### Work to be completed
The answer is all of the data repeated exactly, with each picture omitted.

[Short descriptive text snippets]
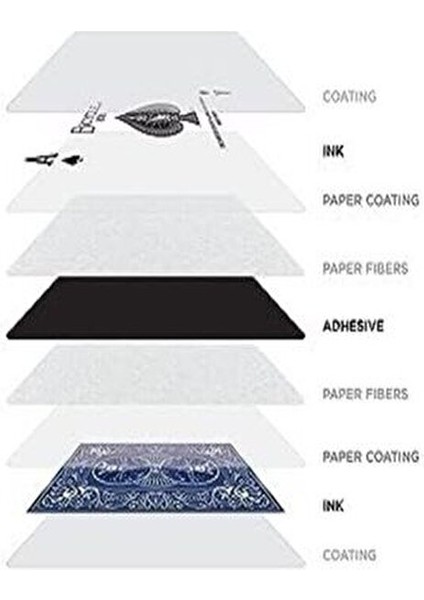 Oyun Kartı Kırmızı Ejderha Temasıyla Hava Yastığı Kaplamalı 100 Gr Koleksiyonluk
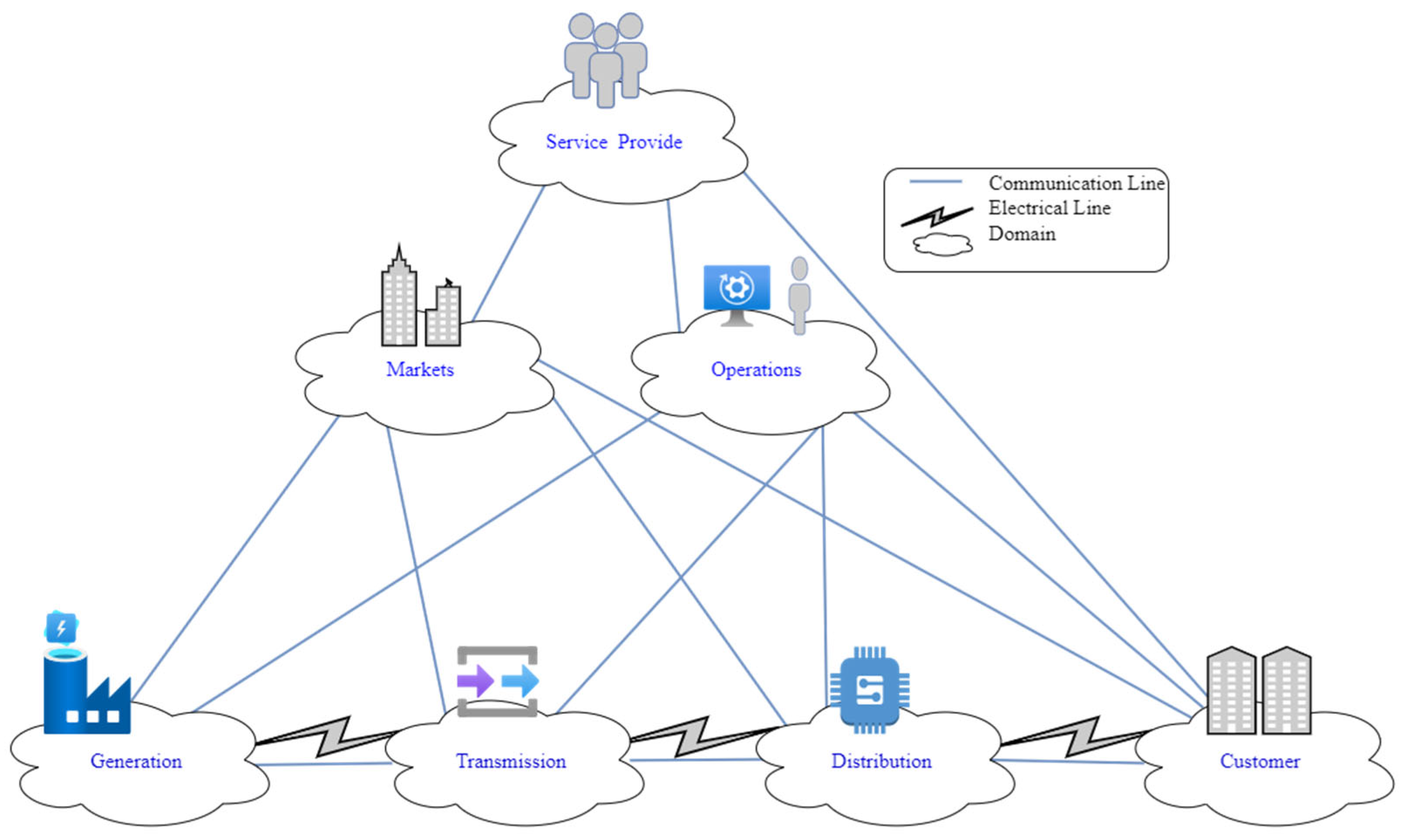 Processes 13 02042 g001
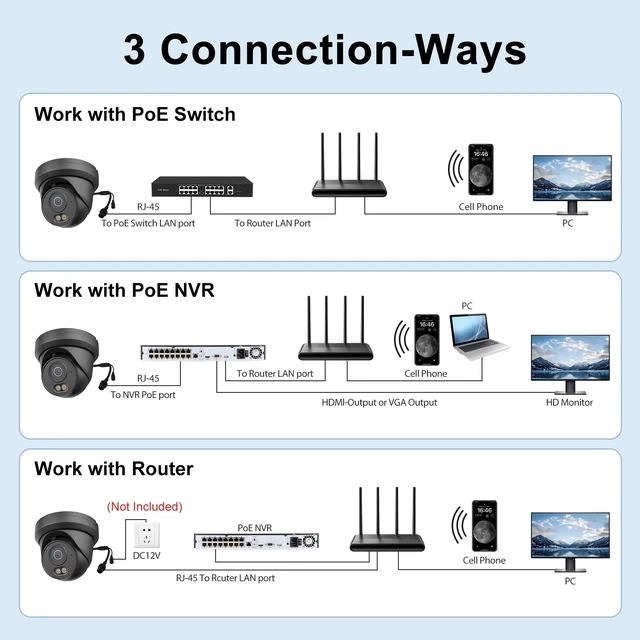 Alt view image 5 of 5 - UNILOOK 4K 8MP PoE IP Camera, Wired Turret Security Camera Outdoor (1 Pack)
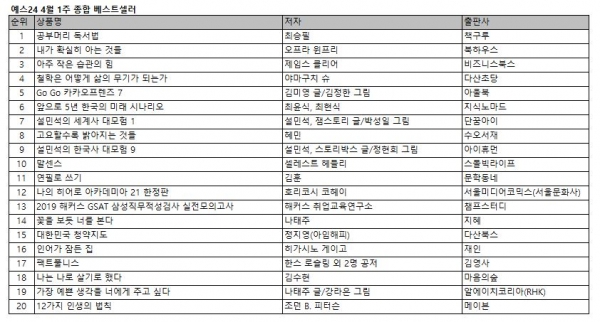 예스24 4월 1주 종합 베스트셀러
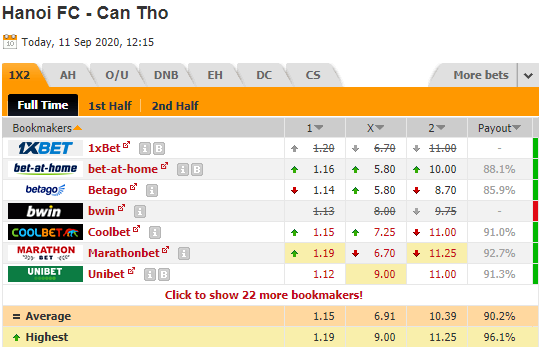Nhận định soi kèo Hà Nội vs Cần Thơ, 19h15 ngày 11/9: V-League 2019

### Completed task
 Oyun Kartı Kırmızı Ejderha Temasıyla Hava Yastığı Kaplamalı 100 Gr Koleksiyonluk
 Processes 13 02042 g001
 Alt view image 5 of 5 - UNILOOK 4K 8MP PoE IP Camera, Wired Turret Security Camera Outdoor (1 Pack)
 예스24 4월 1주 종합 베스트셀러
Nhận định soi kèo Hà Nội vs Cần Thơ, 19h15 ngày 11/9: V-League 2019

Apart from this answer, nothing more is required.